あるマンガ家の航跡 天馬正人伝 その49
- 2023/03/26
- 06:30
第4章
■晩年の天馬正人さん
時には、天馬正人さんの高円寺のお住まいにもお邪魔しました。
当時、私は荻窪に住んでいたので自転車でうかがい、2階の書斎にもご案内いただいたこともあります。
優しい奥様もマンガ家時代に多忙を極めた時には、原稿のスミ入れを手伝われたとのことで、当時のことをお二人から伺うこともありました。
また奥様も通信スクールの繁忙期には、お手伝いにスタジオにも通っておられたこともあります。
その後、私も引越してしまいご近所では無くなったのですが、天馬さんからはいつもお手紙やお電話をいただきやりとりは続いていました。
そして平成6年(1994年)突然、お別れの時を迎えます。
私もその前年くらいから体調を崩したり仕事も多忙となり、天馬さんとは以前のようにはお会いできる機会もなくなっていました。
お手紙では何度かやりとりを続けていて、そのうちまたご挨拶に伺わなくてはと思っていた矢先、その報せが飛び込んだのです。

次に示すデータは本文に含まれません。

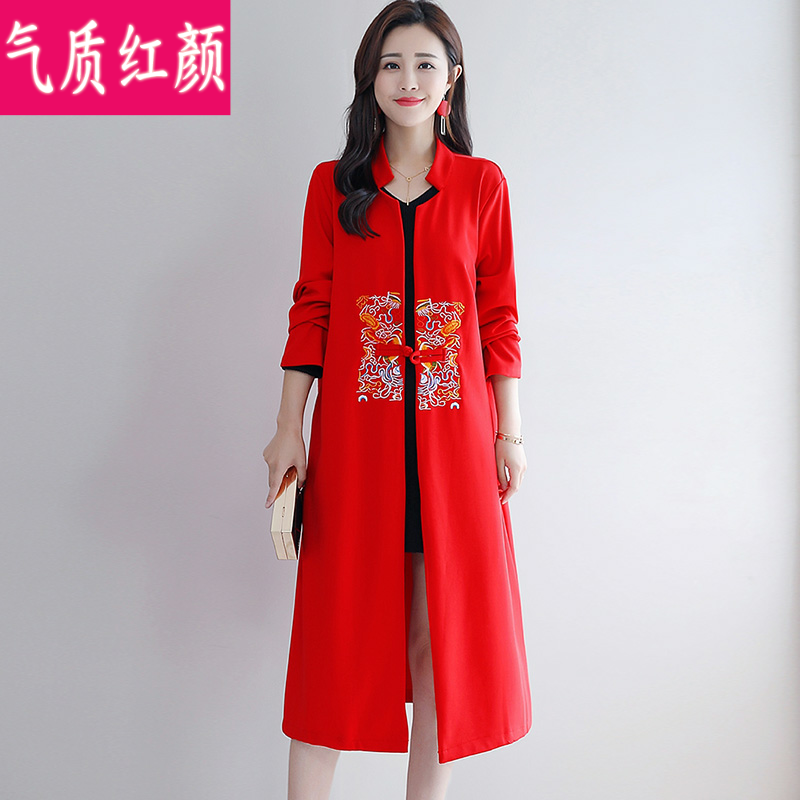 中国风唐装女汉服改良旗袍外套秋冬民族风复古绣花中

天馬さんとは、悲しいお別れを迎えることになりました。ただ、お付き合いいただいた濃密な時間は今でも忘れられません。
機会があるごとに、大田加英二時代から天馬正人、たつみ勝丸時代。『かみくず親子』という作品に込めた熱い思い。竜の子プロ参加後、そしてアニメーション事業初期の苦闘時代や吉田竜夫さんの人物像まで、それまでご自身が体験してこられたマンガとアニメ史を直接お聞かせいただくことができました。
天馬さんは、「過去の話などつまらないでしょうから」と、自らは決して進んでお話してはくれません。自慢になるような話は本当にお嫌いな方でした。ですがこちらから疑問を重ねお尋ねしていくと、根負けされたのかいろいろと答えてくださいました。